How the artist’s radical vulnerability reverberates through art, literature and cinema

In Edvard Munch’s House in Moonlight (1893-95), a man in a hat has come to meet a woman in a white apron: his shadow falls at the woman’s feet; hers is folded like a jacket over the stone wall, her face and upper body obscured. Dark and disorderly greenery shrouds the house in secrecy. Two voyeuristic windows keep watch from above. She lingers by her gate, which remains on the latch – at least for now.

Munch, the subject of a new show at the Courtauld Gallery in London, has a knack for narrating in his art those moments that define our lives: youth, falling in (and out of) love, growing old, loss. He was 21 when he first met Millie Thaulow, wife of the artist’s distant cousin, Claus. The affair lasted two years, during which the couple would get together in the woods near the fishing town of Åsgårdstrand. When Millie called things off Munch was traumatised; the painting came almost a decade later.

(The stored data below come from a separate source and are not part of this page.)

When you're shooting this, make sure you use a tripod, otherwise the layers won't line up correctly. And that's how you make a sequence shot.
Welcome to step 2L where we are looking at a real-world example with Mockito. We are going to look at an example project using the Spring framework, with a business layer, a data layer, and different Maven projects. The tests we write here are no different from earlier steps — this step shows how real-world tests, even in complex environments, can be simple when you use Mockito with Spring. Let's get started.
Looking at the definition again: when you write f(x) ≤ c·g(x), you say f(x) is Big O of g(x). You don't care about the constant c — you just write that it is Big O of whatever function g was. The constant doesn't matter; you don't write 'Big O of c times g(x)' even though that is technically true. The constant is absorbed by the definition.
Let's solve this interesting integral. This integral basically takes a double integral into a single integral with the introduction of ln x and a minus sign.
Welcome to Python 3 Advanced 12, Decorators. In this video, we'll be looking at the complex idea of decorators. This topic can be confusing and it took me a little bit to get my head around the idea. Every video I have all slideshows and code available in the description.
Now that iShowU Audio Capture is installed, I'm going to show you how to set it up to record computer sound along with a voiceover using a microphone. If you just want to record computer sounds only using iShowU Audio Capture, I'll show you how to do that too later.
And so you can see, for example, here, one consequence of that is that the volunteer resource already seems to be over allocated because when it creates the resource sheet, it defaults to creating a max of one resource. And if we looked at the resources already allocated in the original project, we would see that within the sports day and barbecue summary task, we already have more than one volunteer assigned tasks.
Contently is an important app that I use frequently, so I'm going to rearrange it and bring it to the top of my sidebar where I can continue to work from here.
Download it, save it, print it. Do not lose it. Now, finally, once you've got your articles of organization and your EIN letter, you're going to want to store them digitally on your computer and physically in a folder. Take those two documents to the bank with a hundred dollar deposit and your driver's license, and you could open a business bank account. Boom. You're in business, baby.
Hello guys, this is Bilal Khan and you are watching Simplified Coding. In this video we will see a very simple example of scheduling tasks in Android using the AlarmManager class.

Edvard Munch, dir. Peter Watkins, 1974
Edvard Munch, dir. Peter Watkins, 1974

A number of artists and writers have shared an affinity with Munch. In the 1974 docudrama Edvard Munch, the British film director Peter Watkins attempted to render his hypnotic vision in cinematic form, despite the artist’s claim that the camera ‘cannot compete with brush and palette – as long as it cannot be used in Heaven and Hell’. Frequent cuts and flashbacks reproduce Munch’s restlessness and manic mind, while extended shots of him choosing his materials and fixing his canvases show something else: discipline. Together with detailed sound design that amplifies his scratching brush marks, the whole lot draws attention to the technical process behind the seemingly frictionless transition of feeling to finished work.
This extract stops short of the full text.